Vectorize nested loops for performance
Show older comments
I have to solve a dynamic programming problem with a finite horizon and I am trying to vectorize as much as possible for speed. I attach here a MWE so that everybody can run it
I have run the code with the Matlab profiler and indetified two bottlenecks, marked with the comment line % THIS IS SLOW ACCORDING TO PROFILER
The first bottleneck is the call to the function ReturnFn that builds the n_a*n_a matrix RetMat. I have done this in a vectorized way (inside the function RetMat, I do not use loops)
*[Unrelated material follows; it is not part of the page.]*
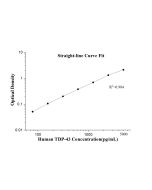 Human TDP-43 ELISA Kit KE00005 proteintech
The second bottleneck is the maximization of RetMat along the first dimension.
I'd be very grateful for any comment/suggestion!
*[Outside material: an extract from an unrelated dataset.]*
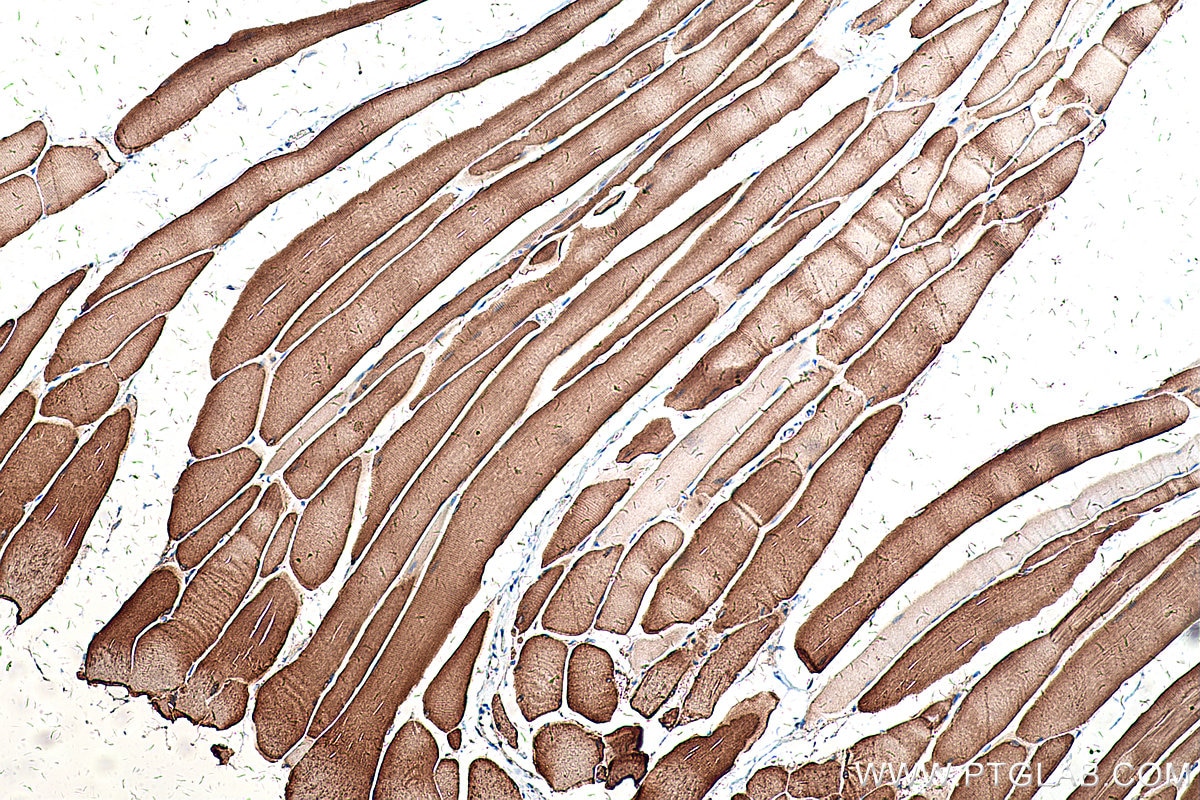 Immunohistochemistry (IHC) staining of rat skeletal muscle tissue using SEPN1 Polyclonal antibody (55333-1-AP)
P.S. I have an if condition inside the loops to check for bugs, I removed it now that I am confident about the code but the speed improvement is marginal.
clear,clc,close all
% STATE VARIABLES
% V(a,h,z,j)
% a: asset holdings
% h: human capital (female)
% z: labor productivity shocks (eta_m, eta_f are shocks, theta is permanent)
% j: age (from 1 to N_j)
% CHOICE VARIABLES
% d: Female labor supply (only extensive margin: either 0 or 1)
% a': Next-period assets
% h' is implied by (d,a) and consumption is implied by the budget
% constraint
% DYNAMIC PROGRAMMING PROBLEM
% V(a,h,z,j) = max_{d,a'} F(d,a',a,h,z,j)+beta*s_j*E[V(a',h',z',j+1)|z]
% subject to
% h'=G(d,h), law of motion for human capital
verbose = 1;
%% Define grids and grid sizes
N_j = 80;
n_a = 51;
n_h = 11;
n_z = 50;
n_d = 2;
a_grid = linspace(0,450,n_a)';
h_grid = linspace(0,0.72,n_h)';
z_grid = linspace(0.9,1.1,n_z)';
d_grid = [0,1]';
z_grid = repmat(z_grid,[1,3]);
pi_z = rand(n_z,n_z);
pi_z = pi_z./sum(pi_z,2);
aprime_val = a_grid; %(a',1)
a_val = a_grid'; %(1,a)
%% Set parameters that do not depend on age
beta = 0.98;
r = 0.04;
w_m = 1;
w_f = 0.75;
crra = 2;
nu = 0.12;
Jr = 45;
xi_1 = 0.05312;
xi_2 = -0.00188;
del_h = 0.074;
h_l = 0;
p.eff_j = ones(N_j,1);
p.pchild_j = ones(N_j,1);
p.pen_j = ones(N_j,1);
p.nchild_j = ones(N_j,1);
p.s_j = ones(N_j,1);
p.age_j = (1:1:N_j)';
% Initialize output arrays
V = zeros(n_a,n_h,n_z,N_j);
Policy = zeros(2,n_a,n_h,n_z,N_j);
tic
%% Solve problem in the last period
% Set age-dependent parameters
eff_j = p.eff_j(N_j);
pchild_j = p.pchild_j(N_j);
pen_j = p.pen_j(N_j);
nchild_j = p.nchild_j(N_j);
age_j = p.age_j(N_j);
s_j = p.s_j(N_j);
% V(a,h,z,N_j) = max_{d,a'}
V_d = zeros(n_a,n_h,n_z,n_d);
Pol_aprime_d = zeros(n_a,n_h,n_z,n_d);
for d_c = 1:n_d
d_val = d_grid(d_c);
for z_c = 1:n_z
eta_m_val = z_grid(z_c,1);
eta_f_val = z_grid(z_c,2);
theta_val = z_grid(z_c,3);
for h_c = 1:n_h
h_val = h_grid(h_c);
% RetMat is (a',a)
RetMat = ReturnFn(d_val,aprime_val,a_val,h_val,eta_m_val,eta_f_val,theta_val,...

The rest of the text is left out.